Atsushi Nakajima from the Keio Institute of Pure and Applied Sciences and colleagues at Keio University have immobilized tantalum cations trapped inside cages comprised of 16 silicon atoms (Ta@Si16+) onto a conductive surface while retaining their vital original properties.
The team selected a conductive surface functionalized with buckyballs (C60) that are able to act as electron acceptors, theorizing that the Ta@Si16+ cations and buckyballs would form charge-transfer complexes (Ta@Si16+-C60−). "The immobilization process consists of two steps," explains Nakajima. First the Ta@Si16+ is neutralized, and then it transfers an electron to the buckyball and becomes cationic again. This transfer of an electron between each cluster and the buckyball it lands on is "a crucial factor in maintaining its symmetric cage shape and cationic state," he explains.
The researchers experimentally verified their theory by vaporizing tantalum and silicon atoms in a vacuum chamber to make the Ta@Si16+ cations. They then used mass spectrometry to identify the desired ions from the range of differently sized nanoclusters that had formed. The selected ions were fired onto the buckyball-functionalized graphite surface at a tightly controlled rate to ensure a gentle landing.

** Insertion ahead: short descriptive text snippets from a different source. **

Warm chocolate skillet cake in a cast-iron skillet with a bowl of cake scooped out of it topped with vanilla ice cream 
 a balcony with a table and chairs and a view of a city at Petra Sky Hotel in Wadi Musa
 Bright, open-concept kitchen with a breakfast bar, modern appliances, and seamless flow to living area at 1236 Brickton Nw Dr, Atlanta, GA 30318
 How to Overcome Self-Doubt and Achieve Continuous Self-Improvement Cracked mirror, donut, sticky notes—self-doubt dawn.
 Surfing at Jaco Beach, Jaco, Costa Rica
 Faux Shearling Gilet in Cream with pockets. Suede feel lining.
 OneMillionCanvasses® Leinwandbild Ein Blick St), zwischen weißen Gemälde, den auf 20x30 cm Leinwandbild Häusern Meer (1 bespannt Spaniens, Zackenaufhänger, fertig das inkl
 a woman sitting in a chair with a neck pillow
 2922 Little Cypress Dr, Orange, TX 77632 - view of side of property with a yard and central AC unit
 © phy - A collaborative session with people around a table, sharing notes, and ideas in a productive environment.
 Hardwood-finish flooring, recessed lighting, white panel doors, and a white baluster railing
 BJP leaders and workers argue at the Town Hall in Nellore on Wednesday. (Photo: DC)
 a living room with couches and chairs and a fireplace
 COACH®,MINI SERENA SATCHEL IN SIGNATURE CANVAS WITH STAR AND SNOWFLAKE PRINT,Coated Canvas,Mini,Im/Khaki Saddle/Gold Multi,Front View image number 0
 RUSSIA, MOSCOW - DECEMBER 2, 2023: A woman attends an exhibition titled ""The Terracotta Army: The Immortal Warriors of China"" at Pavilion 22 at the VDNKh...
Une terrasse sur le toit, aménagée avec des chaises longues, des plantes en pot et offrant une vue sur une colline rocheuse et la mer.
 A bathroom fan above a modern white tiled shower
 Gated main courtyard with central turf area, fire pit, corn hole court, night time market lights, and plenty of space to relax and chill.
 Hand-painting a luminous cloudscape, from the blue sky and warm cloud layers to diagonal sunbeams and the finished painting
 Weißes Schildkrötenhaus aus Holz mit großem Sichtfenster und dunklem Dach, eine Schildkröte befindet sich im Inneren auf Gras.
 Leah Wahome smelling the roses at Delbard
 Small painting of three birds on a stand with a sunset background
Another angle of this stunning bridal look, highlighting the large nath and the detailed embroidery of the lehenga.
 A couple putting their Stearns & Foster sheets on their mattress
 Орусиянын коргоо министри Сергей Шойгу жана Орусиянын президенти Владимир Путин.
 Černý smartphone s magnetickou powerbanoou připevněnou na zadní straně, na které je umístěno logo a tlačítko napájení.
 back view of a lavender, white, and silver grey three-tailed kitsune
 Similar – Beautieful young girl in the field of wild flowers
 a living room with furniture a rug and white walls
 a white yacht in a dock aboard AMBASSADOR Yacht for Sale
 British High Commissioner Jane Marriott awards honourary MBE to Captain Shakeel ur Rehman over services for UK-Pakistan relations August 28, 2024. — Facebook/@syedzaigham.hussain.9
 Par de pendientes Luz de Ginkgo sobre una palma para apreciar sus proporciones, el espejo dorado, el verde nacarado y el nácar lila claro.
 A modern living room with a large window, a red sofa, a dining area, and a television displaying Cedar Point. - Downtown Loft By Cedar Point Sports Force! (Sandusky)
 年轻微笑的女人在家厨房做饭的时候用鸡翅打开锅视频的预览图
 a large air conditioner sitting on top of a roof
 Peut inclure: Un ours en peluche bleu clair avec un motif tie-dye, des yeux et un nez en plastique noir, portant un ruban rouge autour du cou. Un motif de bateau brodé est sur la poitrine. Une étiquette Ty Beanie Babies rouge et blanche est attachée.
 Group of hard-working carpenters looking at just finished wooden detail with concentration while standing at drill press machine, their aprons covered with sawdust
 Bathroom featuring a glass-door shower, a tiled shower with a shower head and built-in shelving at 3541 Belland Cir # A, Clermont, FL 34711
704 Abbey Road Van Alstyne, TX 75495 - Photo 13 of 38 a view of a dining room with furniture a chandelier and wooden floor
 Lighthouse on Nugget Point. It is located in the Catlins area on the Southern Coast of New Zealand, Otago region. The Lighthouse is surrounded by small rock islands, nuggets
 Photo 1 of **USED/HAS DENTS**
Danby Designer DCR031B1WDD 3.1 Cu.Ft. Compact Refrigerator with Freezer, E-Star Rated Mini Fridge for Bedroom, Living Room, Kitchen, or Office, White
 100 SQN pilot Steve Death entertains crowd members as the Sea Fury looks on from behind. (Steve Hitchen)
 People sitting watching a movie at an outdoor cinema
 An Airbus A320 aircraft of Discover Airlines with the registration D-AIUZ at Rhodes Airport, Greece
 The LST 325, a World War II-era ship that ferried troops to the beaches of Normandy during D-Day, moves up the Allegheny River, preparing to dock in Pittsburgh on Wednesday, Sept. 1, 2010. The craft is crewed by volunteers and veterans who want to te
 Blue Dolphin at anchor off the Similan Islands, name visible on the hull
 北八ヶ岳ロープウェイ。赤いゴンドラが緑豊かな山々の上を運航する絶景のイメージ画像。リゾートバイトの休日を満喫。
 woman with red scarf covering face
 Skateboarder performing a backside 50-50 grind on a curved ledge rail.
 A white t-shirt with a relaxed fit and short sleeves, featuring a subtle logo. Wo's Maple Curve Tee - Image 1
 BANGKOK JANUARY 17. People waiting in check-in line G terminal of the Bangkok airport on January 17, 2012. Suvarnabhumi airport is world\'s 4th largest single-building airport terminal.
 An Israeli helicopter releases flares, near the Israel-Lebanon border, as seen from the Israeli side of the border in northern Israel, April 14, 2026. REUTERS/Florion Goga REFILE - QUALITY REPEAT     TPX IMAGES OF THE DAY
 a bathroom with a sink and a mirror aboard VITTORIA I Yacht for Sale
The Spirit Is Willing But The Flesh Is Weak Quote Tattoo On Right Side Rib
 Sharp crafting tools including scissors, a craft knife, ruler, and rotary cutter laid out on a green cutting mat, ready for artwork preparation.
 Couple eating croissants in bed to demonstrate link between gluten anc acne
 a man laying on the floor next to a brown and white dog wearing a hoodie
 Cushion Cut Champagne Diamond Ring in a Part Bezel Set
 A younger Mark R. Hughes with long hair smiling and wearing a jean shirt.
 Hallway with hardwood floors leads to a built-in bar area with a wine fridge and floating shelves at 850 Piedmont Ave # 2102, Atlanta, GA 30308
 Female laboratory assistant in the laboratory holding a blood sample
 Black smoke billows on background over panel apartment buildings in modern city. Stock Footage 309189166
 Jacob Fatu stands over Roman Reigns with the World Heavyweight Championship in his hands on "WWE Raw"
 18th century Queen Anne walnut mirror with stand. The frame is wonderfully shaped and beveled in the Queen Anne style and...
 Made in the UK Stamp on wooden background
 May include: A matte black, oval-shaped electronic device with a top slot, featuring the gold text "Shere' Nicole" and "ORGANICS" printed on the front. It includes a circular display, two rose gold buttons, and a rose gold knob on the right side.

The researchers used scanning tunneling microscopy and scanning tunneling spectroscopy to study the structure of the resulting nanomaterial. A charge-transfer complex had indeed formed, creating a monolayer of the Ta@Si16+ cations on top of the anionic buckyballs attached to the conductive surface.
"This fabrication approach can be used to make a range of nanomaterials comprised of both different nanoclusters and different surfaces," explains Nakajima. Such nanomaterials made of monolayers of cations next to monolayers of anions could act as electrical junctions in a range of devices such as solar cells and supercapacitors. The technique could also lead to the design of high-performance catalysts. It has been predicted that the cationic state of supported nanoclusters is a key factor for controlling their catalytic reactivity, says Nakajima. "A novel avenue for developing nanocluster-based material science and technology has opened to us."